The Generator class holds the program, the bytecode being built, and two symbol tables — one for globals and one mapping local SymbolIds to their frame slot index:

// generator.hpp
class Generator {
  const core::Program &program;
  std::vector<core::SymbolId> global_symbols;
  std::map<core::SymbolId, size_t> local_symbols;
  std::vector<ISA::Instruction> bytecode;
  // ...
};

We need to keep the little bit of state so that so that we can discern whether we need to load a global or local symbol. This could have just easily been handled at the scoping step, annotating each SymbolID as either local or global.
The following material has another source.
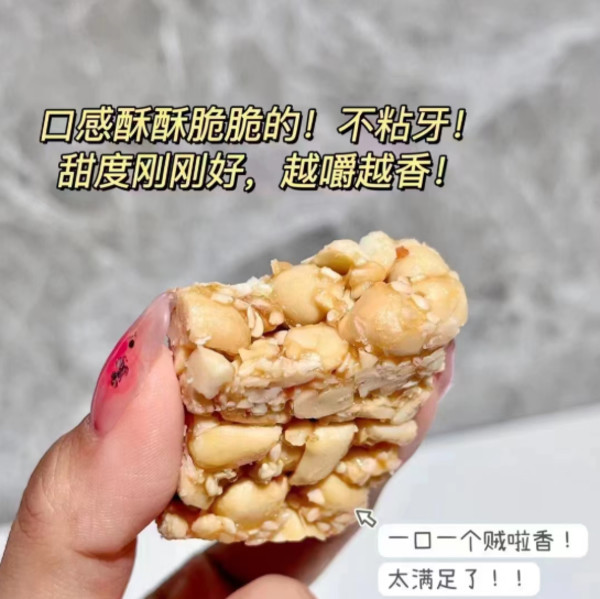 王老五花生酥成都特产小吃酥糖老式小零食糕点花生糖黑芝麻酥茶点 图片 5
generate() iterates over every top-level item and appends a HALT at the end:

// generator.cpp
std::vector<ISA::Instruction> Generator::generate() {
  for (auto &top : this->program)
    emit_top(top);
  add_instruction(ISA::Operation::HALT, std::nullopt);
  return this->bytecode;
}

each emit_ appends instructiosn before dispatching to the next emit_ function that needs to run, which results in the following tree

  generate()
  └── emit_top(Top)
      ├── [Define] → emit_top_define(Define)
      │   └── emit_expr(rhs) → [see emit_expr]
      │       └── MKGLOBAL
      └── [Expr]  → emit_expr(Expr)

  emit_expr(Expr)
  ├── [Apply]  → emit_apply(Apply)
  │   ├── callee is Var (builtin)  → emit_expr*(args) → <builtin opcode>
  │   ├── callee is Var (non-builtin) → emit_var(Var) → emit_expr*(args) → CALL
  │   ├── callee is Lambda → emit_lambda(Lambda) → emit_expr*(args) → CALL
  │   ├── callee is Apply  → emit_apply(Apply)   → emit_expr*(args) → CALL
  │   └── callee is other  → emit_expr(callee)   → emit_expr*(args) → CALL
  ├── [Lambda] → emit_lambda(Lambda)
  │   ├── JMP (→ MKCLOSURE)
  │   ├── ENTER n
  │   ├── emit_expr*(body[0..n-2]) + DROP each
  │   ├── emit_expr(body.back())
  │   ├── NROT n+1 / DROP n / RET
  │   └── MKCLOSURE enter_offset
  ├── [Const]  → emit_const(Const)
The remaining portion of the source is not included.